Dorian se quedó paralizado, igualmente sorprendido al ver a Valeria. La impresionante mujer que había rechazado repetidamente sus insinuaciones era, al parecer, la confidente de la esposa de su amigo. Las piezas encajaron al instante. Ella solo había estado preguntando por Alden en nombre de Helena.
Entre los curiosos que se habían congregado, solo Helena veía a Dorian por primera vez. Se rumoreaba que él la había ayudado en múltiples ocasiones. Al estudiar a este hombre, cuya apariencia extravagante contrastaba fuertemente con la elegancia discreta de Alden, Helena sintió que las emociones se le enredaban por dentro.
El gerente de la tienda aceptó la tarjeta de Dorian con una reverencia deferente.

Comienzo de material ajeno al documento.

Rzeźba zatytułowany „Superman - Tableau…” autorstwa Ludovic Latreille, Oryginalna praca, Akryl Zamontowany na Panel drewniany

«Que se vaya todo el mundo», ordenó Dorian, señalando con un gesto indolente hacia un expositor de novedades. «Para estas dos damas, traed una de cada prenda nueva en sus tallas.
El gerente y el personal de ventas se apresuraron a cumplir la orden, dispersando a los curiosos espectadores y corriendo a reunir las prendas solicitadas.
Eleanor, sintiendo que la situación se le escapaba de las manos, intentó escabullirse sin que nadie la viera, pero un dependiente de la boutique vecina se le acercó.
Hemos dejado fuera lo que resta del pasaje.